Today I had the great pleasure of sitting down to talk company culture with the CEO of a large Boston area non-profit organization devoted to providing food and supplies to children and families that cannot afford them otherwise.
I must admit that I have never left a meeting feeling more inspired to do good. Many of the employees at the organization perform a ton of manual labor for small compensation, but they all just seemed so satisfied.
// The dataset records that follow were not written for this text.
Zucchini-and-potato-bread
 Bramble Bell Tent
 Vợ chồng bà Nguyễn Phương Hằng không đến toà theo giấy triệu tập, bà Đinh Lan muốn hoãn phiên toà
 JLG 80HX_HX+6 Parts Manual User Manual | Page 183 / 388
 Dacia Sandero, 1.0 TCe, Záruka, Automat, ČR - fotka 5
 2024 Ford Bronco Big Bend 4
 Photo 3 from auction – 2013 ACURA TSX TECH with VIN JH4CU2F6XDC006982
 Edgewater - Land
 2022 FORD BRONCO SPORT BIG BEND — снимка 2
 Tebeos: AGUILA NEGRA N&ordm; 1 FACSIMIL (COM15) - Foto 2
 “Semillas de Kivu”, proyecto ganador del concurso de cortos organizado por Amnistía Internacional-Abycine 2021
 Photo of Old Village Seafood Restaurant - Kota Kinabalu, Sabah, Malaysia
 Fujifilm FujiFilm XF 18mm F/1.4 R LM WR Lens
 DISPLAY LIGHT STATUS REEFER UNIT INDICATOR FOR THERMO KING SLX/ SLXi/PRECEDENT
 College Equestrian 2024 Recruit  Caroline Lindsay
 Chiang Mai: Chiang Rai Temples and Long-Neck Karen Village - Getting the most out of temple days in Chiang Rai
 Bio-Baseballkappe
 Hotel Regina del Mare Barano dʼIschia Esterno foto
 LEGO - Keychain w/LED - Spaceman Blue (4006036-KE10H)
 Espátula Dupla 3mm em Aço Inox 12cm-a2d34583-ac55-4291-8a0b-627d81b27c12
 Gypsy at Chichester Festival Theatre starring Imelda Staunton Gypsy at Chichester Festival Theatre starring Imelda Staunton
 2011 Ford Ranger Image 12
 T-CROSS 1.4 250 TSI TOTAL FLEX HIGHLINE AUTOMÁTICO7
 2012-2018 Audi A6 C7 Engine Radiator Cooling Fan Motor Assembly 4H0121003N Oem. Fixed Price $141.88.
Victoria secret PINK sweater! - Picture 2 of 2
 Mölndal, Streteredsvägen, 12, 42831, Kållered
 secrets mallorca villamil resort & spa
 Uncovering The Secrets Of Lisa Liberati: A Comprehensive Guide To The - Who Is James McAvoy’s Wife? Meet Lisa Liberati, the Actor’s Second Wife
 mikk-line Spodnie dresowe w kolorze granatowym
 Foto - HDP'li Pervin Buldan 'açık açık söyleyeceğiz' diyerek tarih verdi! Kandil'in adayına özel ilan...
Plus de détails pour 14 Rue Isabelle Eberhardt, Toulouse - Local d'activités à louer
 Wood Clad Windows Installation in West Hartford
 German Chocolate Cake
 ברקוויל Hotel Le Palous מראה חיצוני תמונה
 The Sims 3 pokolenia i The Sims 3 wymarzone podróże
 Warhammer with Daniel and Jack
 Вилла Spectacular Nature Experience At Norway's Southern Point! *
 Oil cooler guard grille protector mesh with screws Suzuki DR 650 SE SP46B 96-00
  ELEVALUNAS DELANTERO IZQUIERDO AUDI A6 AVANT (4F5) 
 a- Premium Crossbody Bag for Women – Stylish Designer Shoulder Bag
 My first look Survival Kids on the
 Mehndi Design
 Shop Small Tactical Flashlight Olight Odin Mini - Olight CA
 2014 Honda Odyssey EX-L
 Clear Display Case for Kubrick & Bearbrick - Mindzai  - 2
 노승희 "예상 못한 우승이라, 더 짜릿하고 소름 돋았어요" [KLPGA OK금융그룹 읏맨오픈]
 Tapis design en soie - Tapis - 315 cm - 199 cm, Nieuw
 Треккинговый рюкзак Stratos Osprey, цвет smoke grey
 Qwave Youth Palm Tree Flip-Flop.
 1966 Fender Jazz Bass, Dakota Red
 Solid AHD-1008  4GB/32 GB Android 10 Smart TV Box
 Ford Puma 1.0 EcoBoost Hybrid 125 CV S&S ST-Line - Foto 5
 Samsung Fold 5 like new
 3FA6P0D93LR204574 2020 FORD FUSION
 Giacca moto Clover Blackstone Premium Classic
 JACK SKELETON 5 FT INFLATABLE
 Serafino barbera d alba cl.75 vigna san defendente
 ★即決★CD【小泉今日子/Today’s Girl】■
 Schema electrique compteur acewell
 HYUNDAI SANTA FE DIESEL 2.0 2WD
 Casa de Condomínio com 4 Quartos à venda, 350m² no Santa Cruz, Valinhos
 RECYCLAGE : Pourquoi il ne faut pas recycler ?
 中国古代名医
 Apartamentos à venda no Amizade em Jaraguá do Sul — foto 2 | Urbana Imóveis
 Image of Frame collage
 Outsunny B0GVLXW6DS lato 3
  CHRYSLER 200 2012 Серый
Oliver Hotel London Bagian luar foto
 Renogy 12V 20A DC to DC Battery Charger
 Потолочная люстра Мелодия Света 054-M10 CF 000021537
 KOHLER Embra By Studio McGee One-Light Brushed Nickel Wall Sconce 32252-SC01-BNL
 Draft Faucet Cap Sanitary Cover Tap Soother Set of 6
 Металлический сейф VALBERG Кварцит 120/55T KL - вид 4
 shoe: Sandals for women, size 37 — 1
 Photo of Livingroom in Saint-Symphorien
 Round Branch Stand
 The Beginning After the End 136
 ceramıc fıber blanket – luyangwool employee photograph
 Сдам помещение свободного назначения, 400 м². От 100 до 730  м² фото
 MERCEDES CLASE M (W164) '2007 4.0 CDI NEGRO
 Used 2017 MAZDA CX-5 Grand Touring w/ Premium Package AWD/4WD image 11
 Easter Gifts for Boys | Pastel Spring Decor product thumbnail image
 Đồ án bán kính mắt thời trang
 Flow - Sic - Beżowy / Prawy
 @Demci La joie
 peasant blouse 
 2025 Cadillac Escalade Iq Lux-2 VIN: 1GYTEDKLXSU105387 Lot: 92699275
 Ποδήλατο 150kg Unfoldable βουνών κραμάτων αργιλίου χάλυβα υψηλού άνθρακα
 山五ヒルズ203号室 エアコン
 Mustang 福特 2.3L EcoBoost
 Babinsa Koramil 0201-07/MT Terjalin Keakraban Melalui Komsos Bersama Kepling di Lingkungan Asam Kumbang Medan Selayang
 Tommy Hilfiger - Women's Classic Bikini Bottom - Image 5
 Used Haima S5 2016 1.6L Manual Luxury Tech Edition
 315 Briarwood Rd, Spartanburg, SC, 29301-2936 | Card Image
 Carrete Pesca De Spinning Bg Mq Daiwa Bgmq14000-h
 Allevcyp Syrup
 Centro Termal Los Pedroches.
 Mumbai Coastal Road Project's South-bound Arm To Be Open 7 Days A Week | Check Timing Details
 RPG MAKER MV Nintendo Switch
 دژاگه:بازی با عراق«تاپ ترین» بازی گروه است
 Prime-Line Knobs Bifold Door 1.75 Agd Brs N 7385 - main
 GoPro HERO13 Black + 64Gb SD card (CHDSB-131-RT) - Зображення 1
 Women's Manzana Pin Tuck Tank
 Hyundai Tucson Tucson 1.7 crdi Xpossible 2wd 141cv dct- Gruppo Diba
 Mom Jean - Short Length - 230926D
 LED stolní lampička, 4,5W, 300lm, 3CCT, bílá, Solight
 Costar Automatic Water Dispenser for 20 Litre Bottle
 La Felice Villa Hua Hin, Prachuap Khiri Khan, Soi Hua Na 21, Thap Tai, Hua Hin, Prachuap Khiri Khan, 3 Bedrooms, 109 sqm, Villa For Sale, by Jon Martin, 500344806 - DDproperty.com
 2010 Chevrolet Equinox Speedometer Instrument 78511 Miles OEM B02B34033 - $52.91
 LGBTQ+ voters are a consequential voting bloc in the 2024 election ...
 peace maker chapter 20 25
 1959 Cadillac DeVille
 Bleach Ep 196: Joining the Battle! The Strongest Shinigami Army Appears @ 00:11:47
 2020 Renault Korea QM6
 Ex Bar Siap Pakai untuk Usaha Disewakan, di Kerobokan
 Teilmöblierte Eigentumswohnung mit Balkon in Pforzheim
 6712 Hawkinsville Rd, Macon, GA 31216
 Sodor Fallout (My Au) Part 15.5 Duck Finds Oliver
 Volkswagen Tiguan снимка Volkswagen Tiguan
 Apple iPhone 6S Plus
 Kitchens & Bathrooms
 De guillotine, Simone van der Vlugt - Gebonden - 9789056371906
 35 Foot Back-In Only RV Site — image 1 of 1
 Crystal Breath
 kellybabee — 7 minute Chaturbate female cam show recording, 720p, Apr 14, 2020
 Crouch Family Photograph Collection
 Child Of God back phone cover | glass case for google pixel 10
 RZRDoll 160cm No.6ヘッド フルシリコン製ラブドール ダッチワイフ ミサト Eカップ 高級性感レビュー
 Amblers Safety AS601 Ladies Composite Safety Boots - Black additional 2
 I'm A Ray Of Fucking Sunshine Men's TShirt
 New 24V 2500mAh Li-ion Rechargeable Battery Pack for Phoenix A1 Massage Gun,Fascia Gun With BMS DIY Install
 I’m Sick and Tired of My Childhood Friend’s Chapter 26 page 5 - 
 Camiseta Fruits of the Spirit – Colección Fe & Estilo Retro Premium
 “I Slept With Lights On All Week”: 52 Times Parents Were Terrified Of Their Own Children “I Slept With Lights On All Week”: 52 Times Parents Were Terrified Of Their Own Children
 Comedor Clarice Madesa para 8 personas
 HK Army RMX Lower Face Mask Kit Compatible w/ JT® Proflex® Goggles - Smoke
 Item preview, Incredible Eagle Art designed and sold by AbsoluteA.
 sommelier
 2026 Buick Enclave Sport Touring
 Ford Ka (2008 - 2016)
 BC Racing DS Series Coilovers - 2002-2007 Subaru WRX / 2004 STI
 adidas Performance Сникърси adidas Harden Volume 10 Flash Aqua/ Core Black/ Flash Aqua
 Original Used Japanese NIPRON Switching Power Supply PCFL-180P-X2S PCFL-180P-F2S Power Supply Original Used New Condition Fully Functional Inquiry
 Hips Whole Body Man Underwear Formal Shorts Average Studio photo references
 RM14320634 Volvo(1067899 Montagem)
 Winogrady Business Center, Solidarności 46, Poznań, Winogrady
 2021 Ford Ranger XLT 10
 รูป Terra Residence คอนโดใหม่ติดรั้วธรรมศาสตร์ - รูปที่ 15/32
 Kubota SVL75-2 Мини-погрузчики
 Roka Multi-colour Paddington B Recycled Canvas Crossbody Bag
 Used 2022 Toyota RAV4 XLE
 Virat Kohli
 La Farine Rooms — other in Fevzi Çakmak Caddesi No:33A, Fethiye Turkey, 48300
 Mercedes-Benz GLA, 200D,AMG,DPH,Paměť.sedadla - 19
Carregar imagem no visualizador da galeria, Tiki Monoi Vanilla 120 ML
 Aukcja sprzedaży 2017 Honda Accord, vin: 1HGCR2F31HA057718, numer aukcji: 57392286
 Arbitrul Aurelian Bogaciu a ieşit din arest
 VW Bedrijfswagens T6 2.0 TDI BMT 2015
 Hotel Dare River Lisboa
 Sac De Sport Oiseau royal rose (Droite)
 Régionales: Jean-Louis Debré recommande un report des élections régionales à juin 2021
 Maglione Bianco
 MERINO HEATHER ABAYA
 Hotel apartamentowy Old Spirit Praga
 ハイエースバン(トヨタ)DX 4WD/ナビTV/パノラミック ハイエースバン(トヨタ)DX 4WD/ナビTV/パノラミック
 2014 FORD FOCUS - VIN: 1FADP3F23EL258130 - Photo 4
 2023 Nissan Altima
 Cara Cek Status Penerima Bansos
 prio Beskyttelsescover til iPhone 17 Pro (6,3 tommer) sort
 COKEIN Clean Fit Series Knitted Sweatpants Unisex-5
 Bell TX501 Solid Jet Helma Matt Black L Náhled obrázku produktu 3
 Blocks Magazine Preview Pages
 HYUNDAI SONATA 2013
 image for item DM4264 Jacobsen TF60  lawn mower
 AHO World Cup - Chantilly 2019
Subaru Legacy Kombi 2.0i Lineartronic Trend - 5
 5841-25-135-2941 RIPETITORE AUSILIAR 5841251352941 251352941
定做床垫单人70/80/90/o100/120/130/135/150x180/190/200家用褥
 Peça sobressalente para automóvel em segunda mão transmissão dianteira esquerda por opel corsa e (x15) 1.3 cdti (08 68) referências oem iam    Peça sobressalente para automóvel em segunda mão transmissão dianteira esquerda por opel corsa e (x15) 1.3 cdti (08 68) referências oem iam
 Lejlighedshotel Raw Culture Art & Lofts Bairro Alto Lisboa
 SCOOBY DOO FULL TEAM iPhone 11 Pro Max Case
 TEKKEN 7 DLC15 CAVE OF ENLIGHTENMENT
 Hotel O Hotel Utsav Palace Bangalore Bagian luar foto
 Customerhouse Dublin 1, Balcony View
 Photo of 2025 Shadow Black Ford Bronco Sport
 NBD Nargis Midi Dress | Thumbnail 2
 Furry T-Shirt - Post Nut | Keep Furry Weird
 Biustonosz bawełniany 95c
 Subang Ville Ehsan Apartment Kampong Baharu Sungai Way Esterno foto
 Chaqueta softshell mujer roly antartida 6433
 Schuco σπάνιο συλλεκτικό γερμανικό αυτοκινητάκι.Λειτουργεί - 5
It is such a unique feeling to be able to go to work every day and understand the greater benefit of all you are doing, but just by interacting with people who were so passionate about the organization, I left wanting to donate money and resources in any way that I could.
After my meeting, I ended up in a conversation about corporate culture with my OB professor. I suppose in a non-profit it’s easy to realize the benefit of your work… Just because you went to the office and put in a hard day’s work, hundreds/thousands of hungry people will be able to eat. How then, can this idea be carried over to build a culture in for-profit organizations.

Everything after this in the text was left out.